Long before it was a mainstay of the Amarillo art scene, Sunset Center had a history of drawing folks from all over the region. It opened in 1960 as Amarillo’s first indoor shopping mall, boasting a Sears Roebuck & Co., an automotive shop, and a litany of department stores. But in the following decades, Amarillo went mall-crazy, opening a bigger one just across Interstate 40 and yet another on the town’s western edge. The place went mostly unused from 1983 to 2005, when artist and philanthropist Ann Crouch reopened a portion of the 332,000-square-foot building and invited artists to set up shop in the abandoned storefronts. She also founded the Amarillo Art Institute, a studio with art instructors, and placed it inside Sunset Center. 

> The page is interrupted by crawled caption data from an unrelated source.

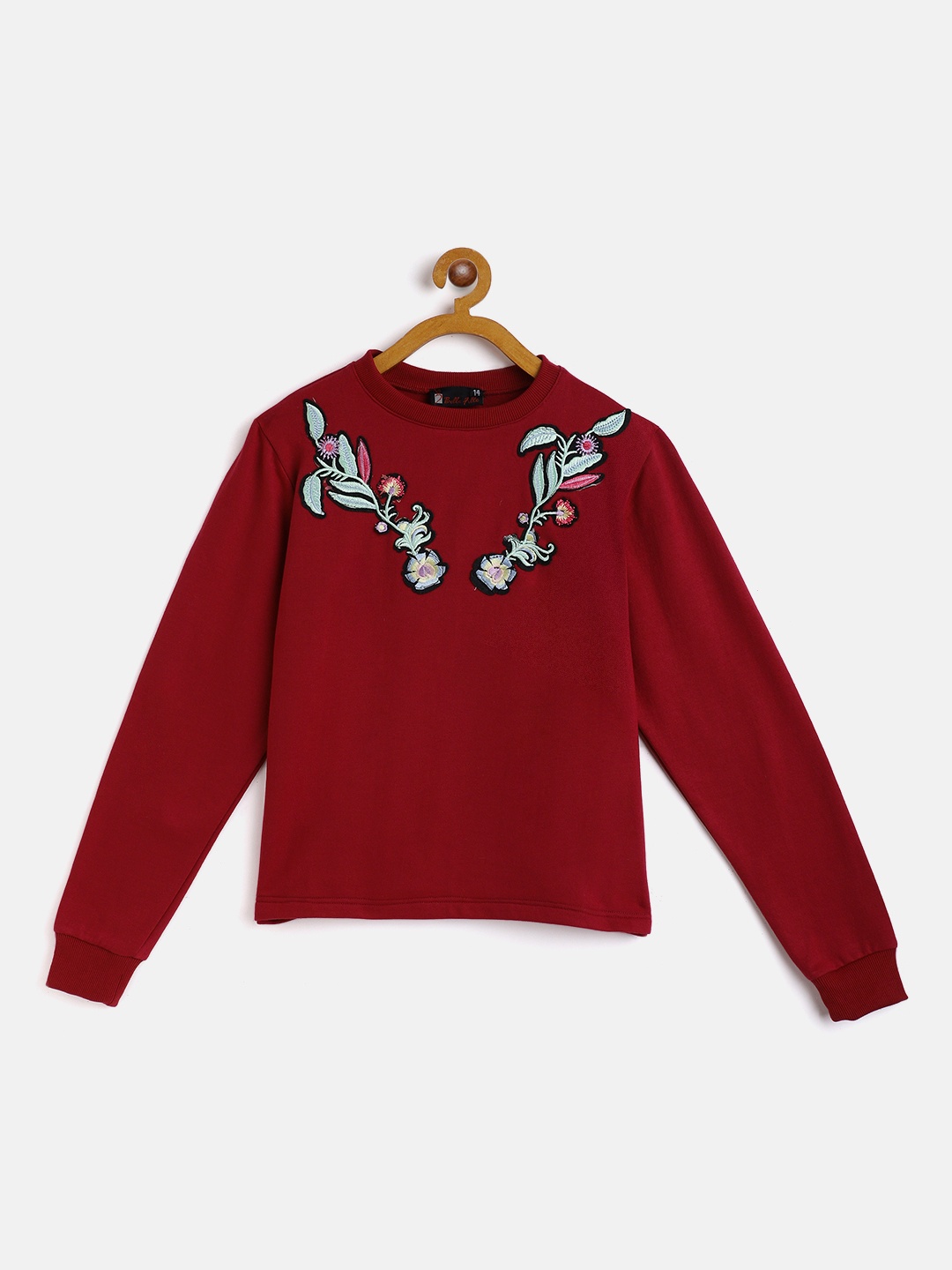 

Belle Fille Girls Maroon Floral Embroidered Sweatshirt
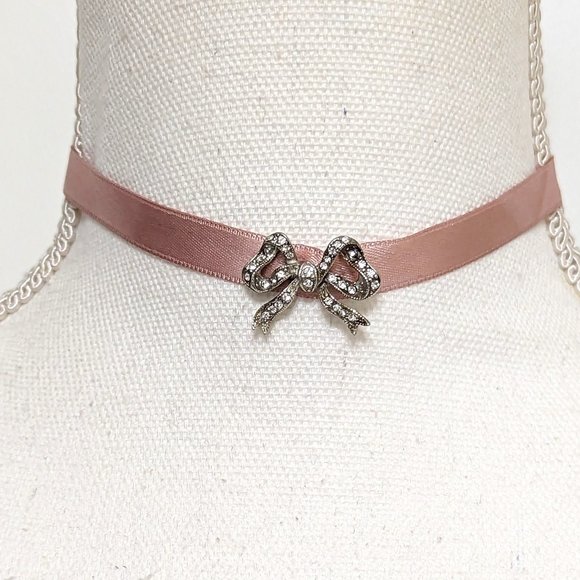 BEN AMUN Mod Victorian Pink Satin and Swarovski Crystal Choker Necklace New - Picture 1 of 13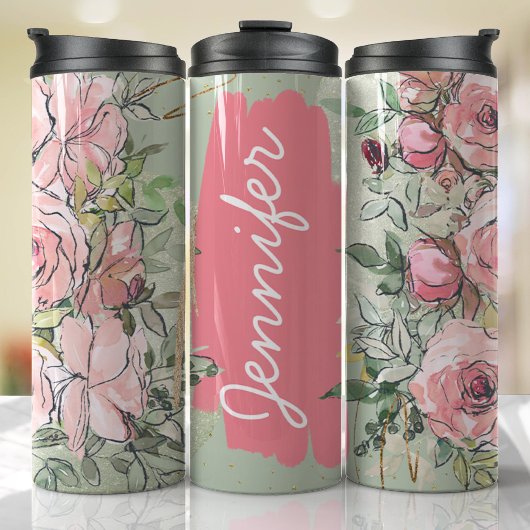 Pink Sage Green Floral Hinzufügen Name Custom Gesc Thermosbecher
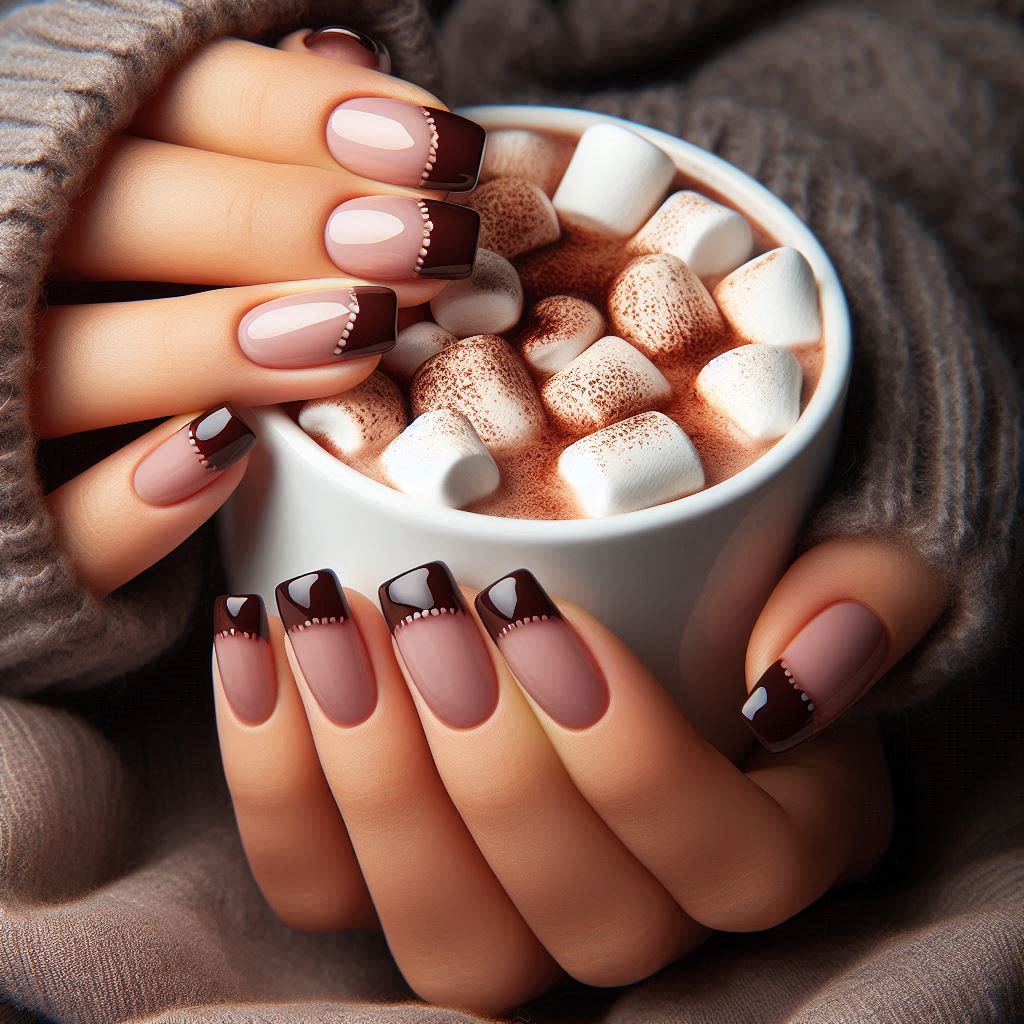 Chocolate Brown French Tip Gel Nails Short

“It’s a bitter night for me. I’m not seeing the sweet part.”

Everything was rocking along until Crouch, who had already been widowed, unexpectedly died in January 2017. With no heirs willing to receive her real estate holdings, Crouch’s estate fell into probate purgatory for about a year until the Crouch Foundation was created to direct it. Though the estate is currently valued at $14 million, foundation leaders told artists in May that they were seeking nonprofit status to avoid paying $6 million in estate taxes. The Internal Revenue Service won’t grant a nonprofit designation to the foundation while it operates the galleries, which are for-profit enterprises, said Rachel Flores, the foundation board’s secretary and executive director of the art institute.  

That meant the galleries had to go.

Flores said the staggering cost of operating Sunset Center played into the foundation’s decision—the electricity bill alone for the massive, aging building is $18,000 a month. The foundation was faced with a tough choice: Keep the galleries open and risk causing Crouch’s estate to bleed out in a few years, or close the galleries to secure a financial future for some of her other projects. In the end, they chose the latter. “The worst thing we could do is keep going how we’re going and just have to close the doors in a few years anyway. I don’t think that’s what she had in mind,” Flores said. 

The 50 or so artists who worked and exhibited at Arts in the Sunset for the better part of 14 years say they’ll miss it terribly.
The 50 or so artists who worked and exhibited at Arts in the Sunset for the better part of 14 years say they’ll miss it terribly.  Shaie Williams

Some artists say they understand the decision. “They’re trying to extend what’s there, but it’s heartbreaking,” said Chris Rogers, a painter who makes Christian-themed pieces. Smith, the gourd artist, said she doesn’t believe the estate was intentionally hamstrung by its directors. “I just think they’re not as smart as the average jackass,” she said.  

As the event came to a close, the gallery artists decided to salute Sunset Center with a final procession. Each picked up a favorite piece of art and trotted it around the mall, single-file; it was an allusion to the inaugural First Friday event more than a decade ago, when artists and visitors marched through the place hoisting paintings, a literal take on the term “artwalk.” This month, as the line wound through Sunset Center, an acoustic guitarist heaped the melodrama on thick, playing a rendition of Pink Floyd’s “Wish You Were Here.” The artists still managed to slap on smiles, making the scene feel less like a dirge and more like a jazz funeral. “Can you believe this is the last Artwalk? I can’t,” said Dallas Mayer, a painter near the front of the line.

When the galleries close on August 31, the art institute will remain, said Flores, the foundation’s board secretary. And she hopes to invite some of the artists back to their to use the former galleries as workspaces instead, which the IRS apparently does not mind. 

Perhaps there’s hope for a new day at Sunset Center.